Finch understands the crucial role that Goodline’s supply chain plays in ensuring it can deliver high quality and safe contract work. He says Qantas is a key company they work with in terms of moving labour around the country, as its one of their largest spends. Goodline also supports local business in the area they operate out of. Goodline always engage local suppliers and providers as much as possible, generally the local hardware supplies.


Looking forward, Finch says the key priority in the near future is to continue to grow the multi-discipline elements of the company.


“We want to gain more diversity, expand our workshop and service operations and be more multi-disciplined in the shutdown space.
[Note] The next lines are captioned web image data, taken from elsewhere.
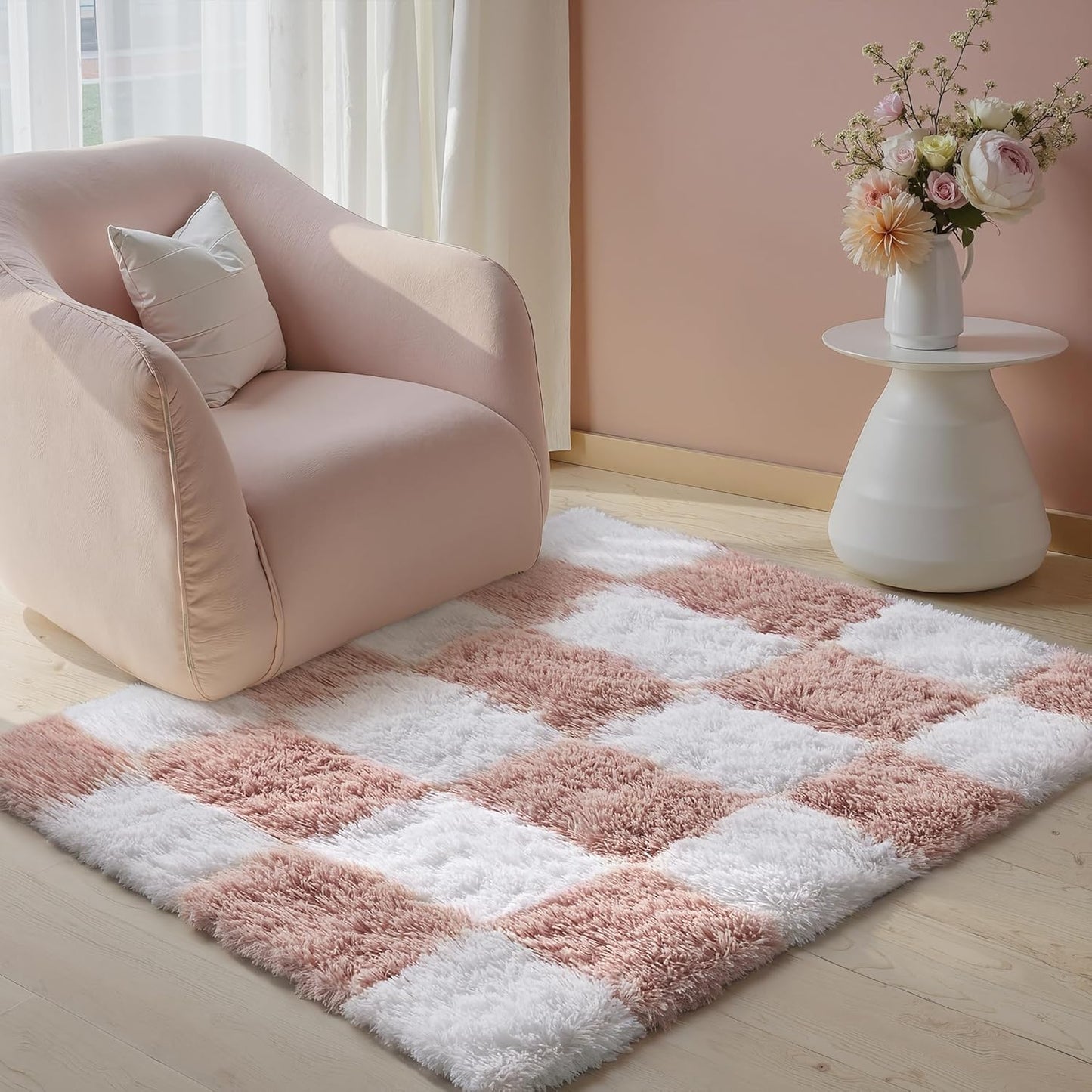 Checkered Rug 8x10 for Living Room, Black and White Modern Shag Rug Washable Non-Slip Large Area Rug Super Soft Indoor Fuzzy Carpet Fluffy Rugs for Bedroom Home Aesthetic Decor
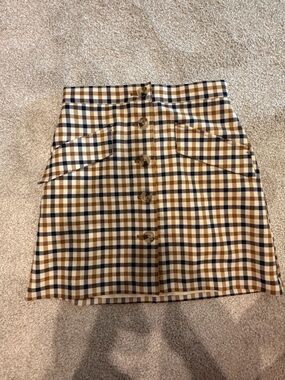 H&M Mini Skirt in Brown, Navy and Cream Gingham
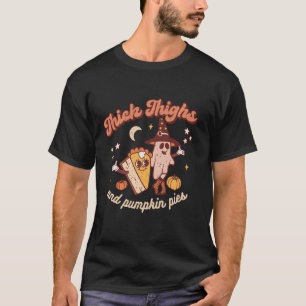 Thick Thighs & Pumpkin Pies Funny Retro Fall Seaso T-Shirt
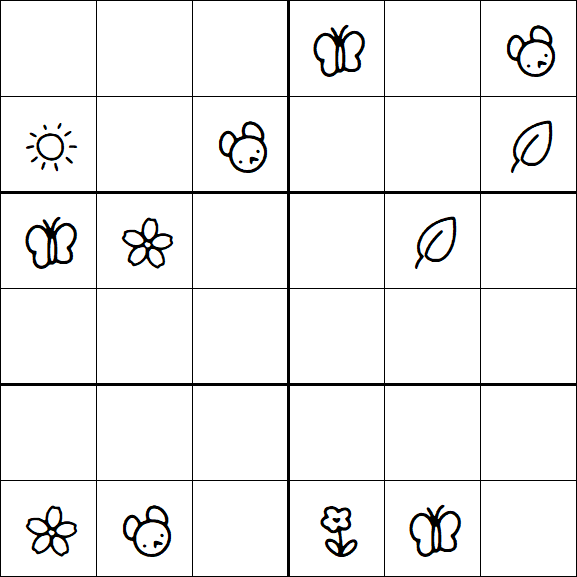 Kids Sudoku 6x6 - Hard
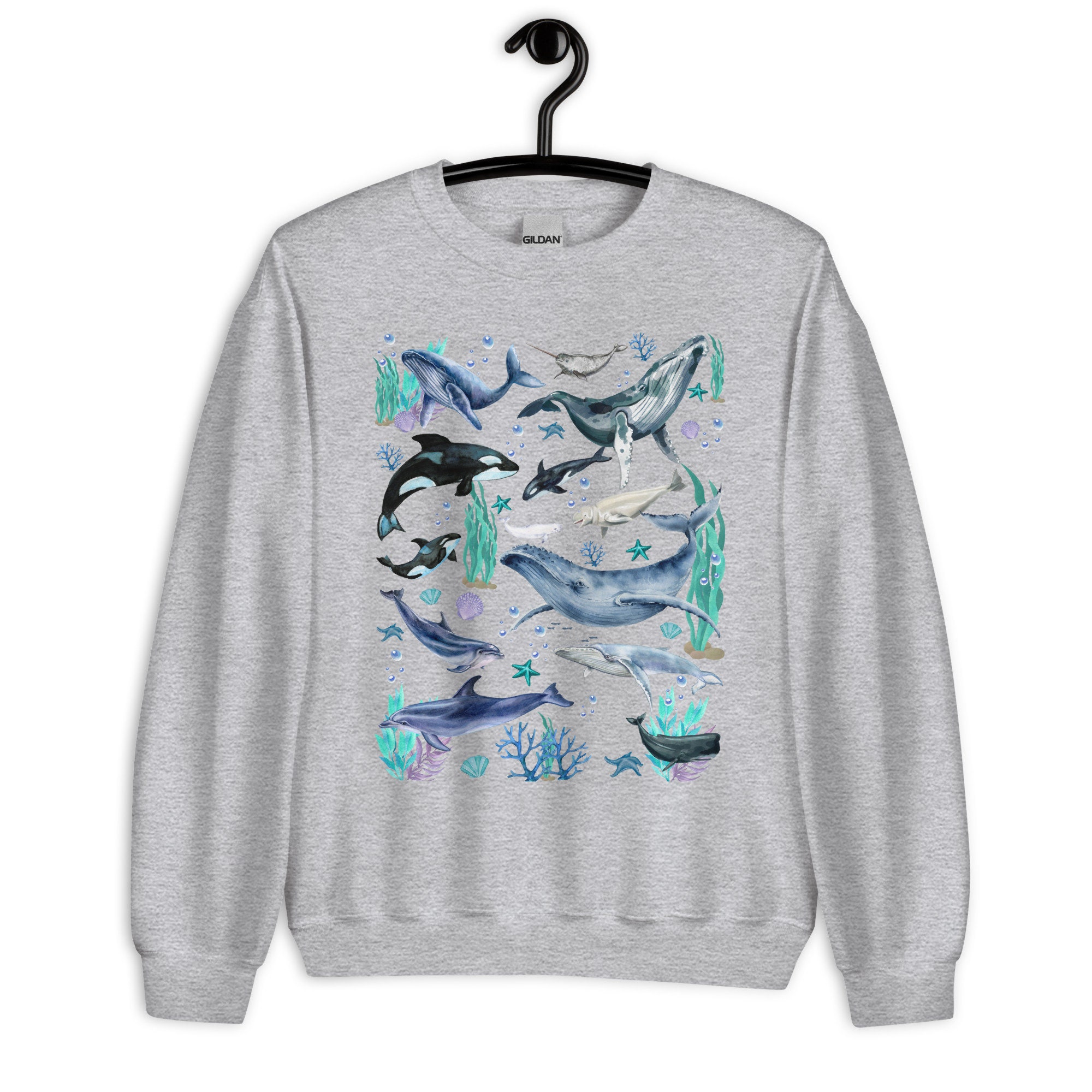 Watercolor Whale Sweatshirt 90s Clothing Trendy Ocean 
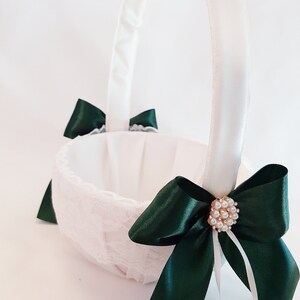 Ring Bearer Pillow, Ring Pillow, Dark Green Ivory Flower Girl Basket And Pillow Set, Ring Bearer Pillow, Wedding Ring Pillow, Ring Bearer 2 Baskets Only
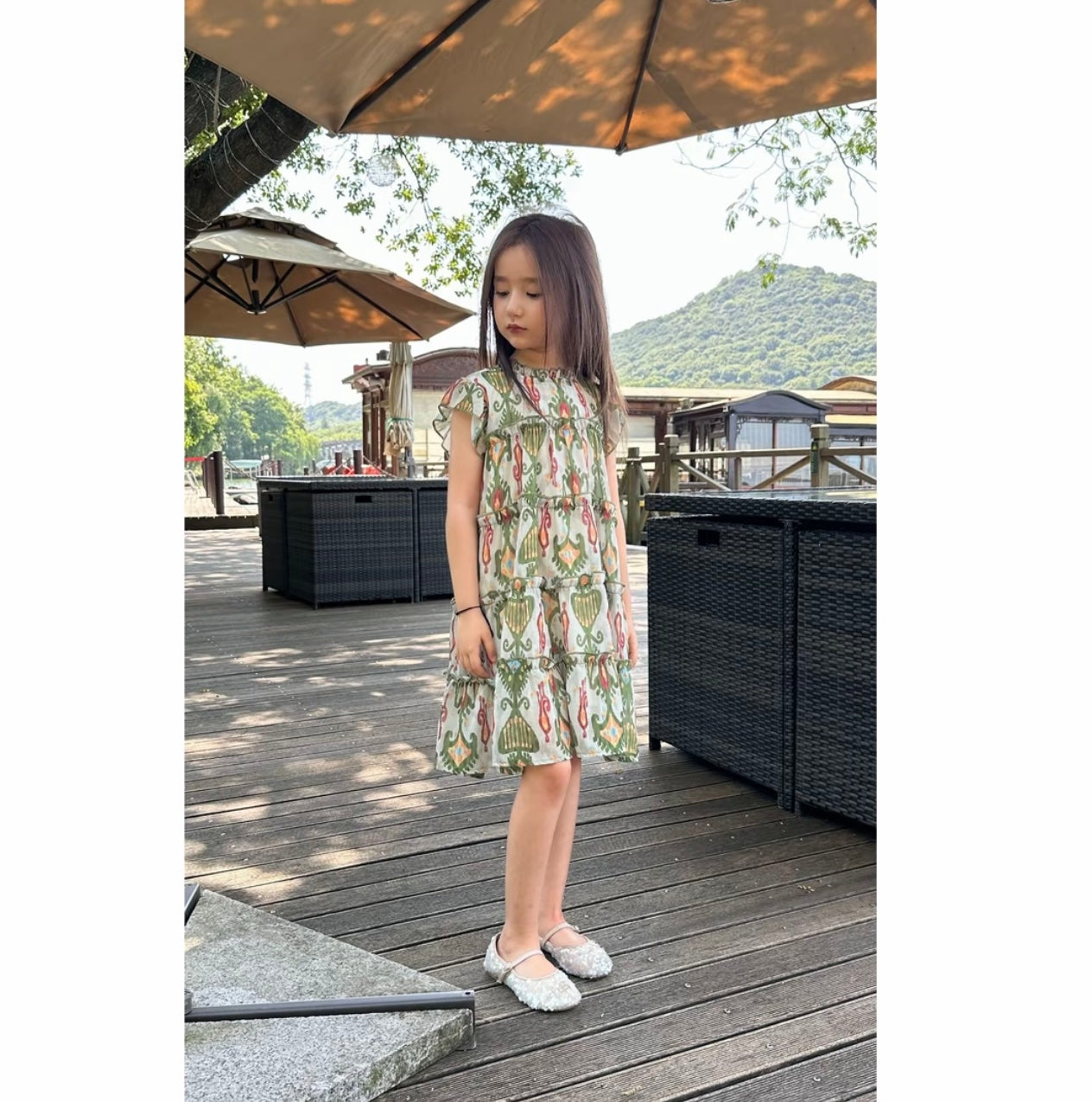 Girls' Tiered Cotton Dress – Atlas Ikat Print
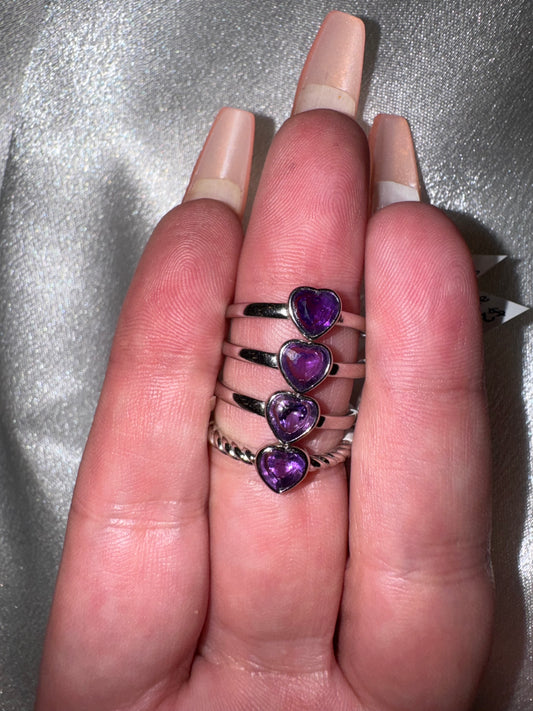 Amethyst Heart Adjustable Ring 925s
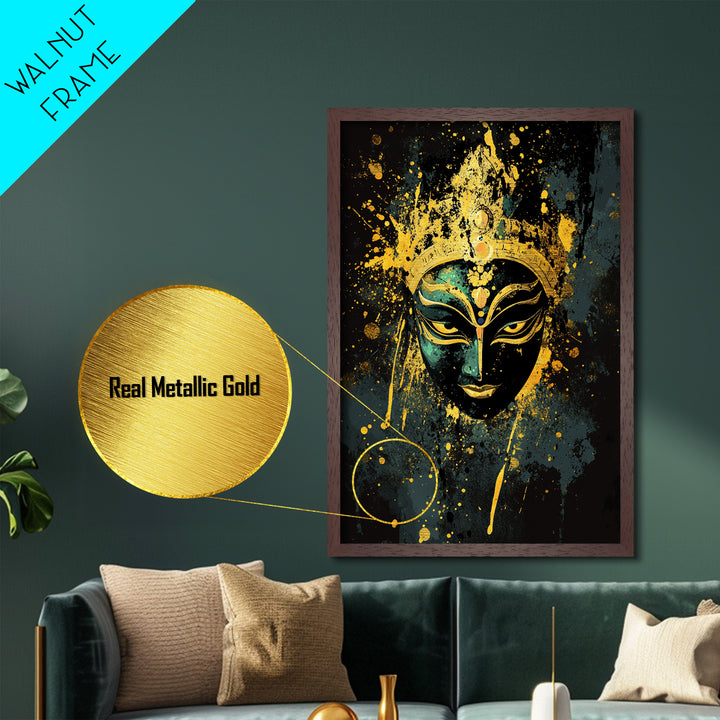 Mystical Goddess Face Artwork,Spiritual Wall Decor,Real Wood Frame,Bold Divine Art,Striking Sacred Home Accent
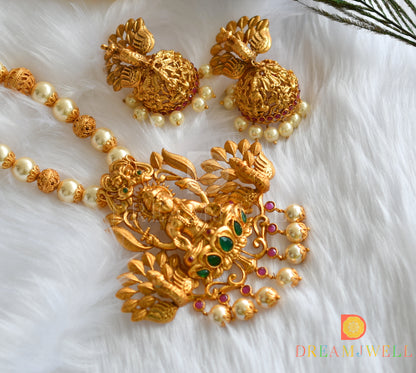 Matte finish emerald huge Lakshmi pendant pearl beaded haar set dj-09755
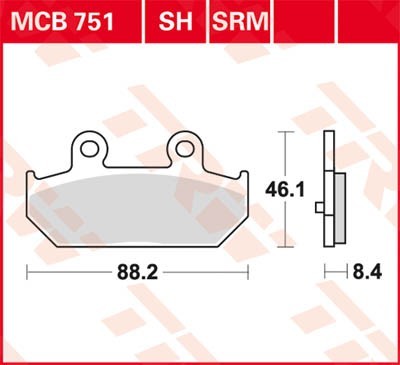 TRW Sinter Maxi Scooter Height: 46,1mm, Width: 88,2mm, Thickness: 8,4mm Brake pads MCB751SRM buy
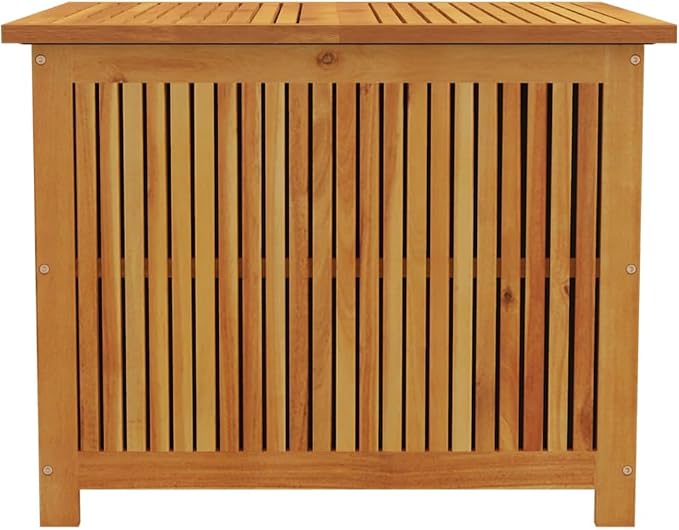 Wooden Patio Storage Box Outdoor Storage Container for Patio Furniture Cushions, Acacia Wood Deck Box, Garden Backyard Storage Box, 29.5"x29.5"x22.8" Solid Wood Acacia,-870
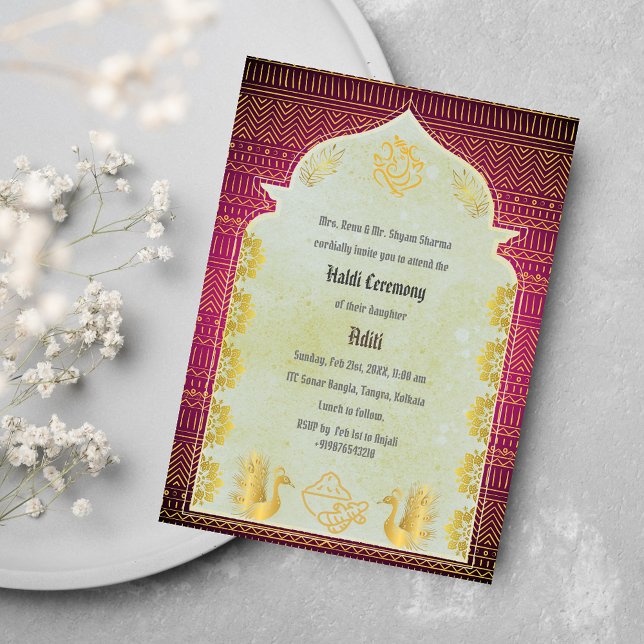 Indian Hindu Bride Haldi Ceremony Ganesha Invitation (Creator Uploaded)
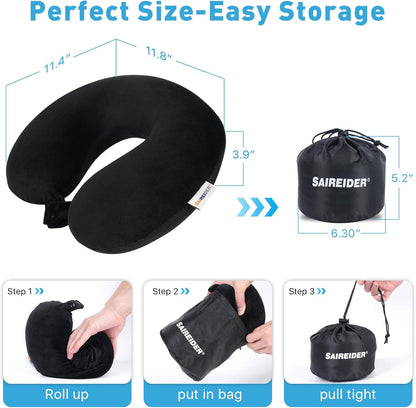 SAIREIDER Neck Pillows for Travel-Head Neck Support Travel Pillow for Traveling, Car, Home, Office Adjustable(Navy Blue)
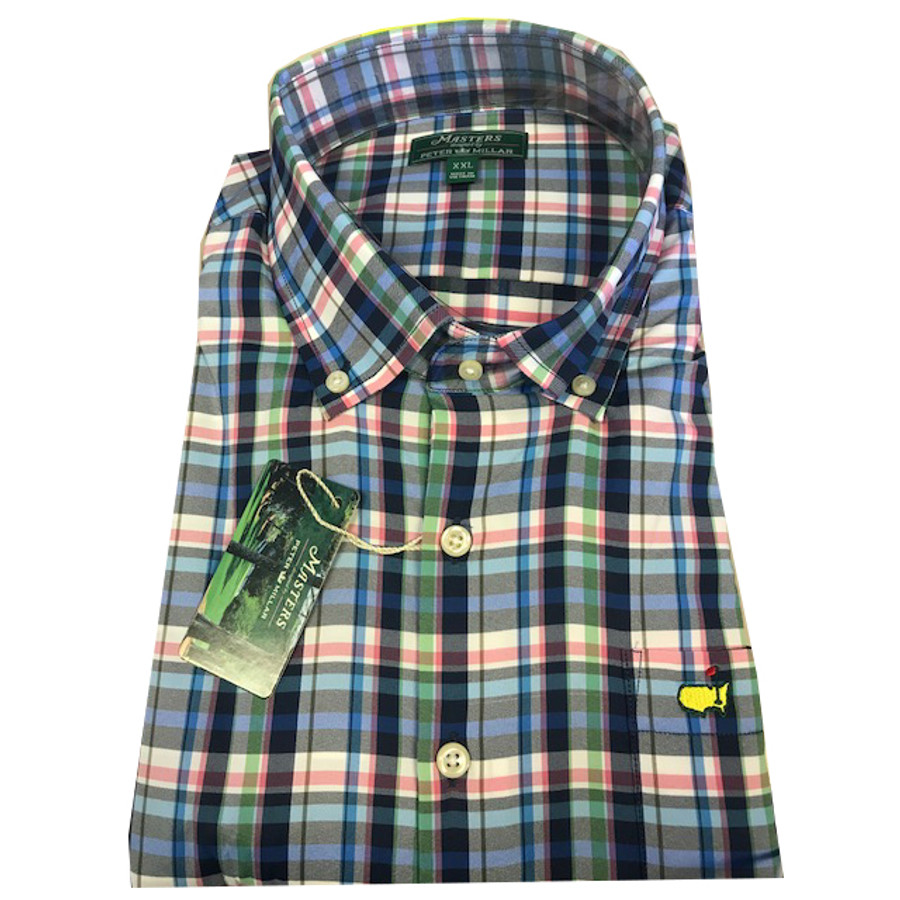 Masters Peter Millar Navy Plaid- Long Sleeve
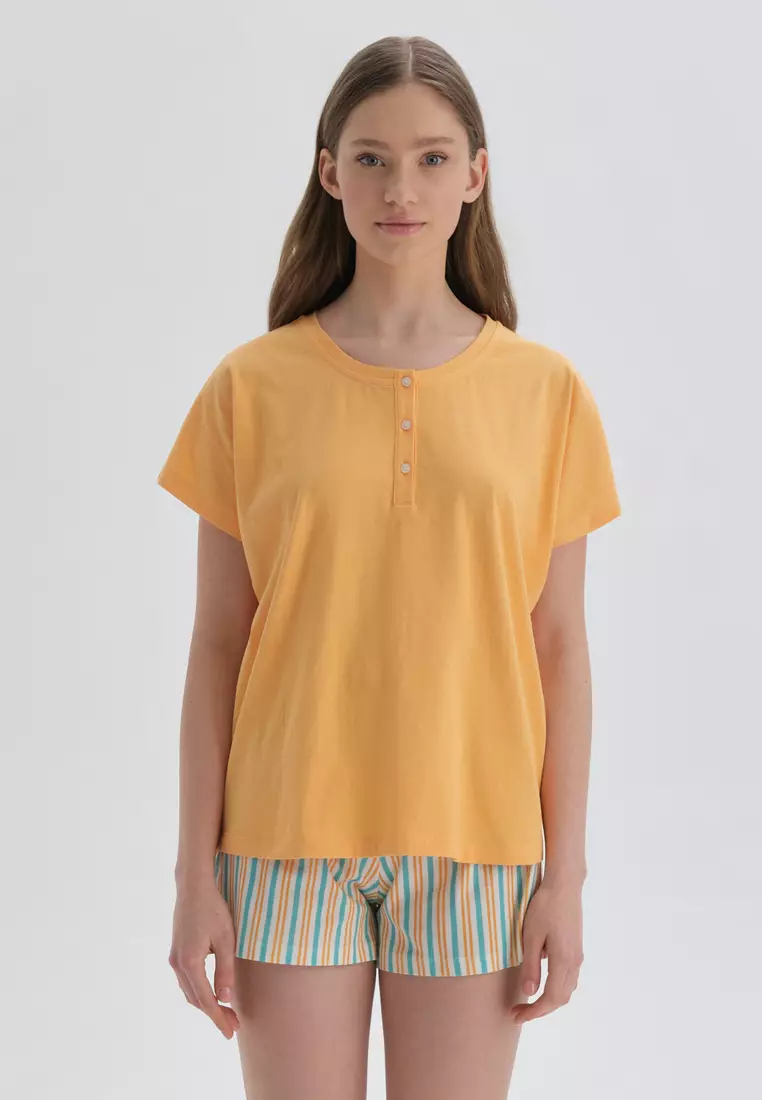 Orange Short Pyjama Set, Striped, U-Neck, Regular Fit, Short Sleeve Homewear And Sleepwear for Women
By that I mean we are continuing to grow our services to include protective coating, scaffolding and access within our regions of work, we are also performing conveyor belting services for Rio Tinto’s bauxite operations in Gove and Weipa.


“We have spent a lot of money on the business, improving our fleet and operations. All the operations have had add-ons to them. Two of our major operations at Weipa and Port Hedland have blast and paint systems installed and we are the only remote EPA-compliant business available in those two regions.


“We are typically moving forward every day in a more challenging environment. It’s important to get synergies and to get people on the ground to do the jobs at the lowest cost in a productive and safe environment, we have good people providing a good service to our customers, this is in every facet of the business, the skill set is high and the DNA is strong.”